Exercise prompt
From the first line of the listing below, retype each line up to and including the one with "zephr2009's tweet photo."; pictures stay out.

Data extract
# # # #

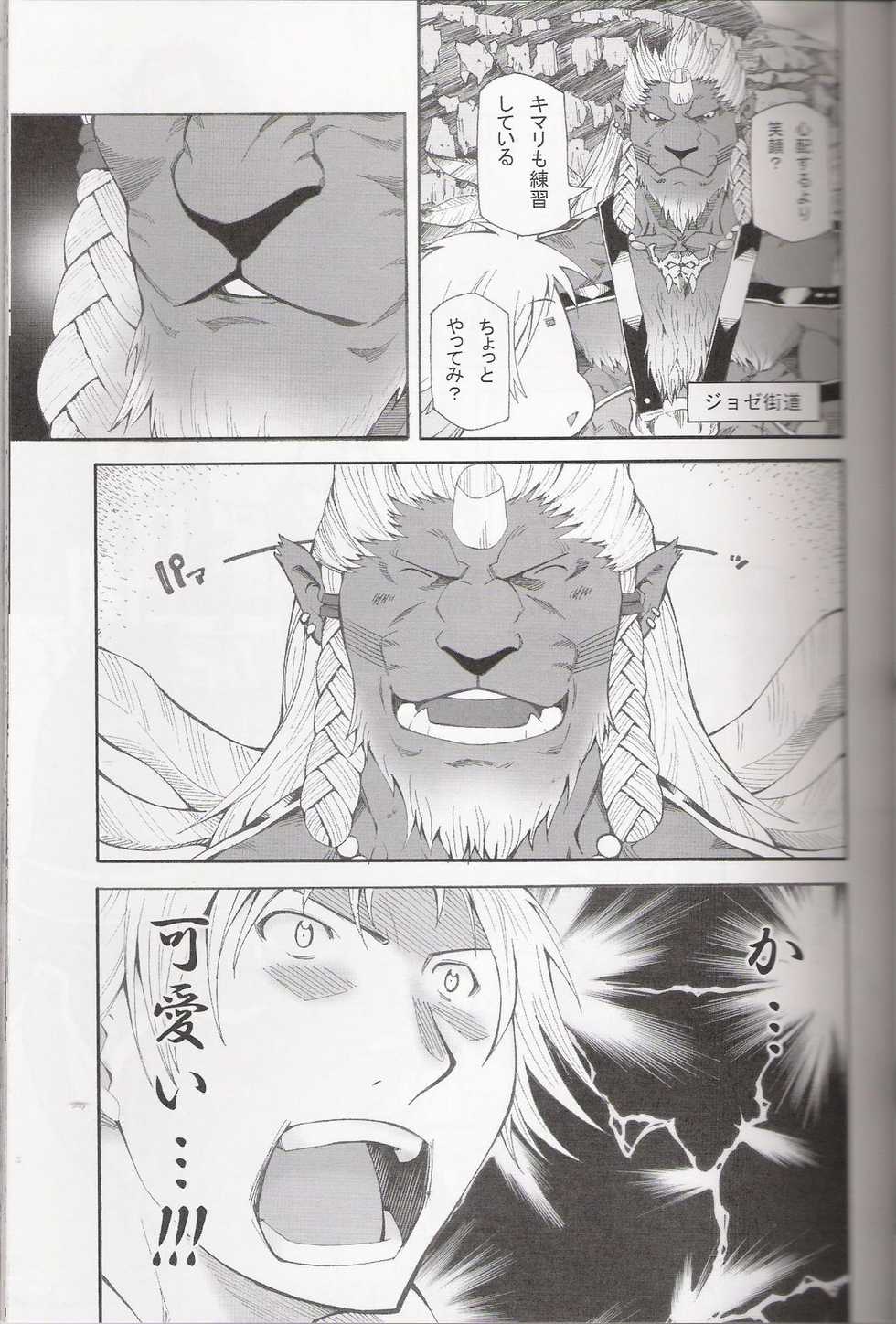(C78) [Toratora-ya (Toratora)] Vanaspira Ero Nikki (Final Fantasy X, Final Fantasy XI) - Page 5
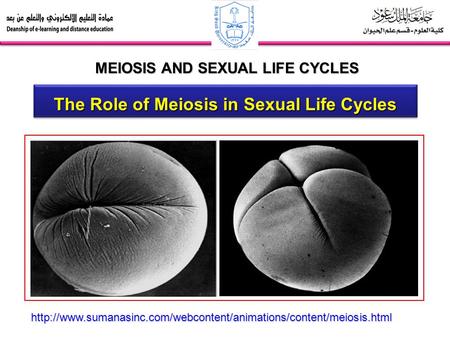 MEIOSIS AND SEXUAL LIFE CYCLES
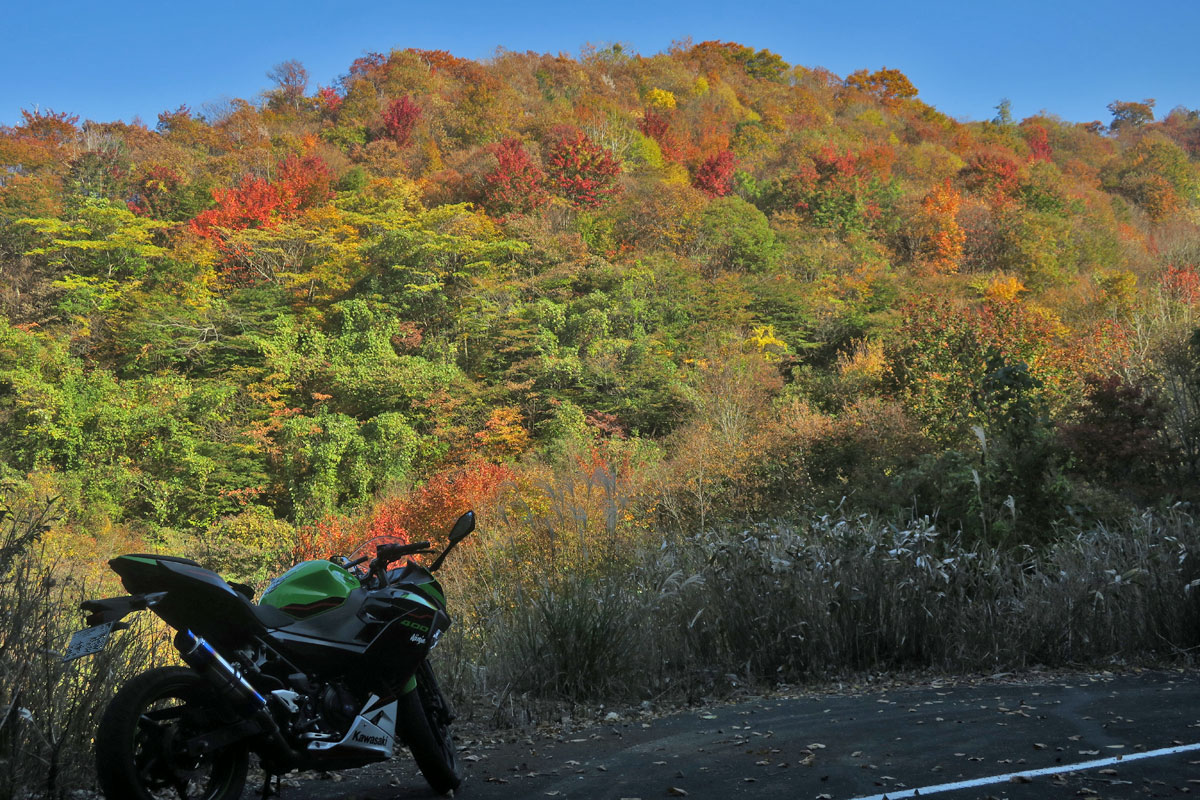 zephr2009's tweet photo. 11月16日（日��、Ninja400にて、5年ぶりに丹後縦貫林道へ。今回も素敵な紅葉に出会えました。 https://t.co/XQ0e59CAc8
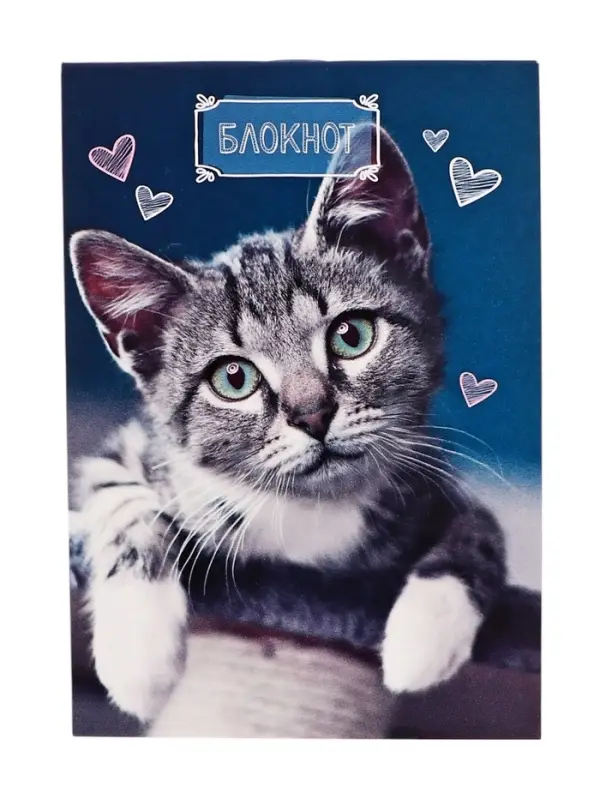 Блокнот А6, 24 листа в клетку на скрепке &laquo;Котята&raquo;, обложка мелованный картон, МИКС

# # # #

Output of the task
(C78) [Toratora-ya (Toratora)] Vanaspira Ero Nikki (Final Fantasy X, Final Fantasy XI) - Page 5
 MEIOSIS AND SEXUAL LIFE CYCLES
 zephr2009's tweet photo. 11月16日（日��、Ninja400にて、5年ぶりに丹後縦貫林道へ。今回も素敵な紅葉に出会えました。 https://t.co/XQ0e59CAc8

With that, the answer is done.